Выбрать главу

Меня сразу поместили в маленькой комнатке, метров шесть квадратных, но мне больше и не надо. Рядом с моей была большая комната, там жили несколько человек из полиции рабочей команды, были тут ребята из Донбасса, из той же военной части, что Саша с Ваней, и один, Володь-ка, был с Волги, он был совсем белый, с льняными волосами. На кухне помещался старенький еврей, часовой мастер, он чинил часы, что было полезно для Василия и немцев. Немцы гонялись за русскими часами, а Василий, видно, собирал часы и потому держал часовщика. Потом он таки собрал их достаточно, отдал коменданту как откуп за себя, и ему разрешили пойти в примы, то есть жениться на местной и жить недалеко от лагеря.

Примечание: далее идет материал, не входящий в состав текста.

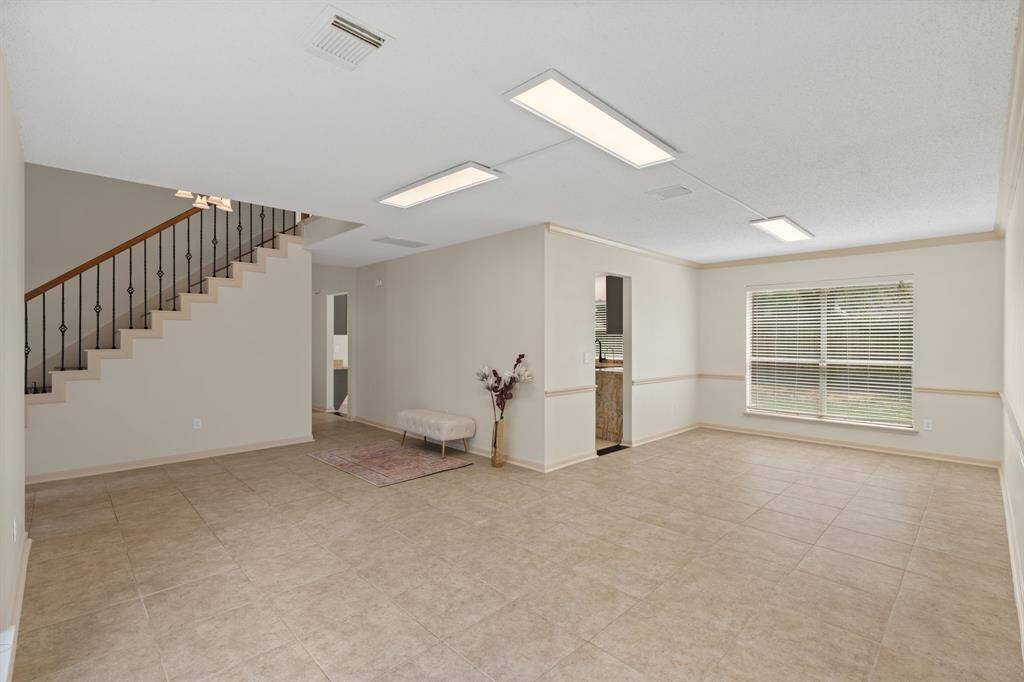 Freshly painted and full of potential! Explore the open living and dining area with its updated wall color.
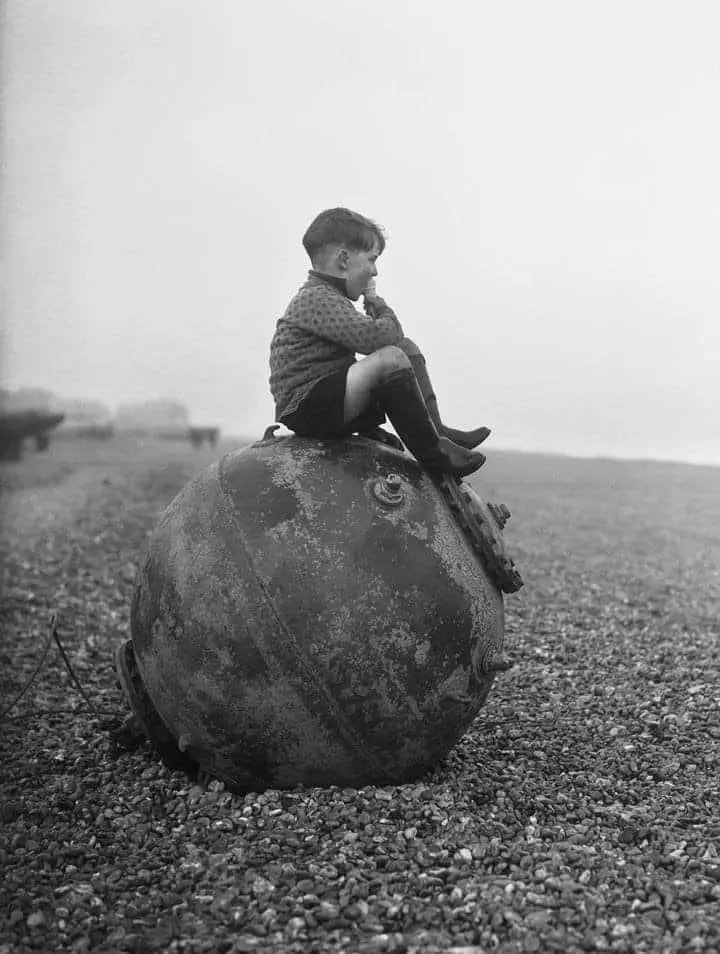 A boy enjoys his ice cream as he sits on a sea mine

Пока меня пригласили, и мы сели играть в преферанс. Я играть не умел и скоро отделался от игры. Пошли с Николаем Орловым ко мне в комнату. Он рассказал, как и где воевал, как командовал «катюшей», старался вырваться из окружения, но, расстреляв все снаряды, вынужден был взорвать «катюшу». Рассказал о Ваське, что он человек невредный, и ребята неплохие.

— А что полицаи, то не обращай внимания — зарабатывают лишнюю баланду, но не гады.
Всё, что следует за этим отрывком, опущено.